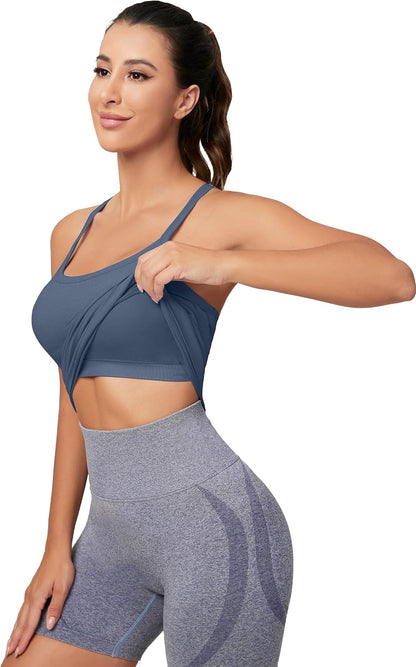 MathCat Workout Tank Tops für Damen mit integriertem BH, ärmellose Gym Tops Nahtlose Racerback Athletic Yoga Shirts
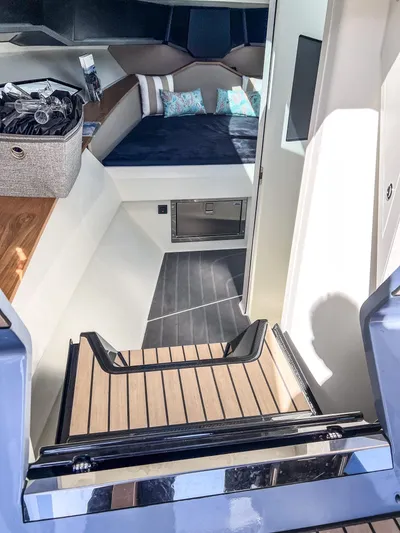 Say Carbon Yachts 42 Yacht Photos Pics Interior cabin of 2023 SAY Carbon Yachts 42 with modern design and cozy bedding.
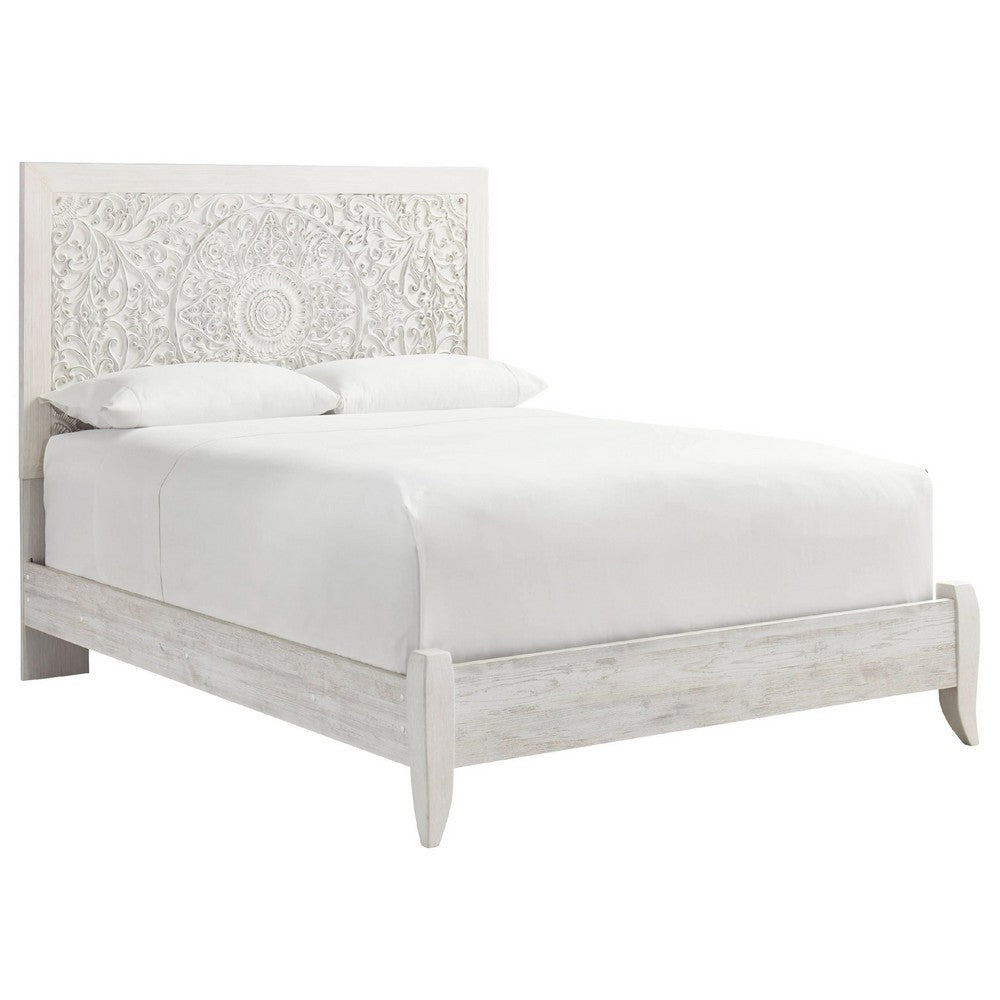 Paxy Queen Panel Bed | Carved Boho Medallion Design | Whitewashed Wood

--- --- ---

What you are asked to do :: Reproduce the material exactly. Pictures stay out.

Your solution ::
 MathCat Workout Tank Tops für Damen mit integriertem BH, ärmellose Gym Tops Nahtlose Racerback Athletic Yoga Shirts
 Say Carbon Yachts 42 Yacht Photos Pics Interior cabin of 2023 SAY Carbon Yachts 42 with modern design and cozy bedding.
 Paxy Queen Panel Bed | Carved Boho Medallion Design | Whitewashed Wood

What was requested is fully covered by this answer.